New safety symbol required for South African plugs – Here is what it means
The South African Bureau of Standards has updated the general requirements for plug and socket systems, which will result in changes to electrical socket outlets and adaptors.
A recent update to SANS 164-0 has introduced several changes to South Africa’s electrical plug and socket standards.
“SANS 164-0 covers general requirements for plugs and socket-outlets and should be considered as the base document for all the plugs and socket-outlets systems in South Africa,” said Sadhvir Bissoon, the executive of standards at the SABS.
Bissoon emphasised that SANS 164-0 is not a new standard.
“The standard has been around since the country moved away from the flat-pins configuration which was in accordance with British standards,” stated Bissoon. The standard has now been amended to clarify some of the requirements.”
Notice that the standard was going to be changed was given in the National Government Gazette published on 3 April. Stakeholders were given until 19 May to provide comments on the proposed changes.
These changes apply to all plugs, sockets, and other electrical equipment defined in parts 1 to 6 of SANS 164. This includes the new diamond-shaped ZA Plug that is defined in SANS 164-2.
Updates to general requirements for plugs and sockets in South Africa
Three major changes were made to SANS 164-0:
Reducing the minimum clearance of the socket outlet surface to 8mm (from 12mm).
Introducing a symbol for adaptors not permitted to be plugged into one another to avoid straining the socket-outlet.
Examples provided to show how multiple socket outlets for fixed installations should be switched.

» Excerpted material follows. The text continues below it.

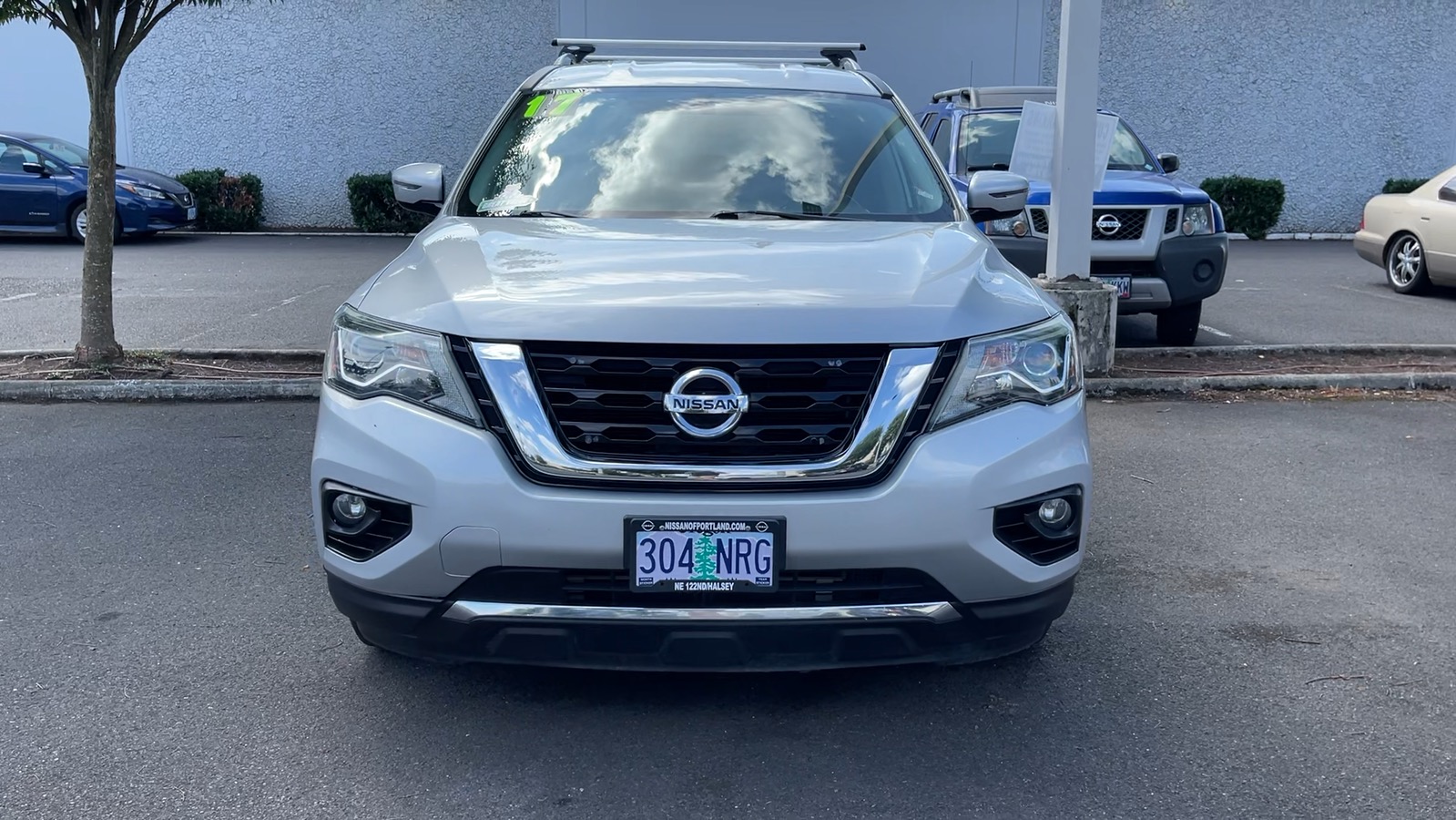 2017 Nissan Pathfinder SV 5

Since 2018, the wiring code (SANS 10142-1) requires socket outlets to integrate ZA Plug (SANS 164-2).
The introduction of a symbol for adaptors not permitted to be plugged into one another is due to the safety risk to the consumer, as the straining of the socket-outlet can cause a short-circuit between the neutral and live pins.
“This symbol has to be embossed on the adaptor to warn consumers of the danger of plugging adaptors into one another,” Bissoon said.
South African plug and socket standards — technical details
Bissoon said that the SANS 164 national standard for plug and socket systems is applied with “SANS 60884-1: Plugs and socket-outlets for household and similar purposes”.
SANS 60884-1 is an adoption of the International Electrotechnical Commission (IEC) 60884-1 standard which also covers the requirements for plugs and socket-outlets.
Bissoon stated that the SANS 164 series falls under SABS Technical Committee (TC) 067 Sub-committee (SC) 03, titled “Electricity distribution systems and components: Electrical accessories”.
The scope of the committee covers standards for electrical accessories such as switches, plugs and socket-outlets, home automation devices, connectors, adaptors, couplers, cords extension sets and conduits (cable management systems) for use in household and similar low-voltage applications.
“The TC067 SC03 consists of representatives from associations, manufacturers, regulators, power utility, testing laboratories, government departments and academic institutions,” Bissoon said.
Should any member of the public be interested in joining the sub-committee, they are welcome to submit their interest via the SABS website.